Dr. Ami Carpenter
Ami Carpenter
Associate Professor
Joan B. Kroc School of Peace Studies, University of San Diego
San Diego, CA

Bio

Dr. Ami Carpenter is an associate professor at the Joan B. Kroc School of Peace Studies at the University of San Diego. She is the founding faculty member at the Kroc School where she teaches courses in conflict analysis, negotiation, and identity group conflict. Carpenter holds a Ph.D. from George Mason University and refers to herself as a "scholar-practitioner".

Her research agenda involves resilience to identity-group violence: how neighborhoods, counties, and organization partnerships prevent the presence and recruitment efforts of violent groups. She has studied community resilience to gang recruitment in the US, sectarian militias in Iraq, and armed groups in Mexico and Central America. From her scholarship of systems resilience, Carpenter gleans evidence-based practices and uses them to assist public-private-nonprofit partnerships tackling complex problems, most notably human trafficking.

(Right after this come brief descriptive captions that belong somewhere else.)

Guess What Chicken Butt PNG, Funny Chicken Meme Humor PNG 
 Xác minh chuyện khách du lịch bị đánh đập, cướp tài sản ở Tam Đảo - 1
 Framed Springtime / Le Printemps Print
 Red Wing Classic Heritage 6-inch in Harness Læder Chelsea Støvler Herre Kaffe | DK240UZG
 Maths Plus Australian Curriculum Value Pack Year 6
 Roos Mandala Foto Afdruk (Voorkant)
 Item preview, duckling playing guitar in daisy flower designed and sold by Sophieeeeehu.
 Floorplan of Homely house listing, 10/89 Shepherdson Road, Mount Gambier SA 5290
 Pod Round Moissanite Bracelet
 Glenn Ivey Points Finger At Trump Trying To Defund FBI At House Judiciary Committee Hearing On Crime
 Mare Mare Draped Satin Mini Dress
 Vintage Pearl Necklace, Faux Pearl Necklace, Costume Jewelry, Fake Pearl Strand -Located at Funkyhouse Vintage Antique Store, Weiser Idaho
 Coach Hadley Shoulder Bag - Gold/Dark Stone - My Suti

Dr. Carpenter has worked with the U.S. Institute of Peace since 2014, serving as a domain expert for the Countering Violent Extremism (CVE) Program and a research advisor to the Center for Applied Research on Conflict (ARC) on Resilience to Extremism studies in Kenya and Afghanistan. Most recently, Dr. Carpenter participated in RAND Corporation's study and Research Report “Countering Sectarianism in the Middle East” as the chapter author for Iraq. She currently serves on the board of NYU's Peace Research and Education Program, which facilitates innovation at the intersection of peacebuilding and higher education in Iraq and Colombia.